Was man in Oviedo nicht bekommt, das gibt es nicht – zumindest wenn man den Worten der Händler Glauben schenkt, die dort ihre Geschäfte errichtet haben. Und in der Tat ist die Vielfalt an Einkaufsmöglichkeiten geradezu überwältigend. Von kleinen Ramschläden bis hin zu dem gewaltigen Verkaufshaus der Zebrin-Familie – es ist alles dabei. Auf den Straßen des Bezirks sind alle Bevölkerungsgruppen gut vertreten, aber im Straßenbild stechen besonders Kinder und Jugendliche hervor. Dies hat seinen Grund in dem weitläufigen Campus der Rios-Universität.
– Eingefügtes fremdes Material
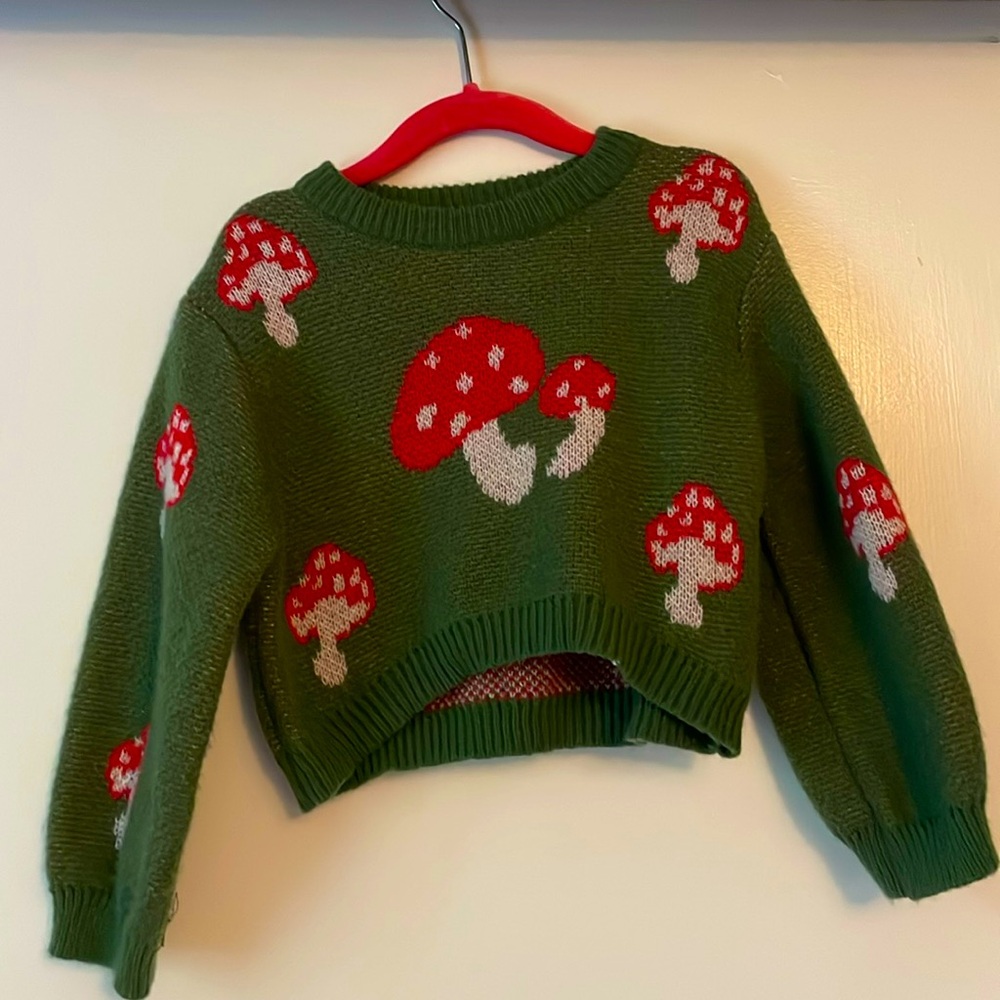 Trendy mushroom sweater for earthy toddlers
Das außergewöhnliche Bildungsinstitut bietet erstklassige Lehrstunden für alle Altersklassen an – vorausgesetzt man kann es sich leisten. Selbst international zählt ein Abschluss an der Akademie zu den angesehensten seiner Art, da das Studium ausgesprochen anspruchsvoll ist. Ihren guten Ruf verdankt die Einrichtung vor allem einem Mann: Dem Schuldirektor Gasparo Adamo. Innerhalb von 10 Jahren krempelte er das Bildungssystem komplett um und machte die Rios-Universität zu dem was sie heute ist. Einem Mann mit seiner Intelligenz hätten alle Türen in der Politik offen gestanden, aber aus einem unerfindlichen Grund entschied er sich dazu Lehrer zu werden. Obgleich seine Lehrmethoden zweifelsohne effektiv sind, bewegen sie sich doch häufig in einem moralisch schwer vertretbaren Bereich. Er vertritt die Auffassung, dass in einer idealen Welt 95% der Menschen arbeiten und 5% faulenzen. Wobei die 95% darauf gedrillt werden nicht Teil der ausgegrenzten 5% zu werden. Selbstverständlich spiegelt sich das auch in dem Aufbau der Schule wieder. Schlechte Schüler werden in ein heruntergekommenes Nebengebäude abgeschoben und beinahe sämtlicher Privilegien beraubt. Sowohl Schüler als auch Lehrer werden regelrecht ermutigt, die unteren 5% zu erniedrigen – so ist sichergestellt, dass jeder hart arbeitet, aus Angst Teil der D-Klassen (D für Defizit) zu werden. Ohne Zweifel würde Direktor Adamo selbst seinen eigenen Sohn Gallo gnadenlos dieser Prozedur aussetzen, sollten seine Noten je auf einen solchen Tiefpunkt fallen. Da Gallo Adamo allerdings stets die Top-platzierungen aller Fächer seiner Altersklasse belegt, ist dies eher unwahrscheinlich.
Einführung Gasparo Adamo
Mit einem lauten Klatschen und einem leisen Aufschrei traf der Rohrstock das Hinterteil des Schülers. „Wirst du mir noch einmal eine derartig unsinnige Ausrede liefern, wieso du deine Hausaufgaben nicht gemacht hast?“ Streng blickte Rektor Adamo über seine Brillengläser hinweg. „Ich musste meinen Eltern im Geschäft aushelfen ist keine Entschuldigung. Deine Aufgabe ist das Lernen. Ist das klar?“
Ein eifriges Nicken antwortete dem gestrengen Lehrmeister.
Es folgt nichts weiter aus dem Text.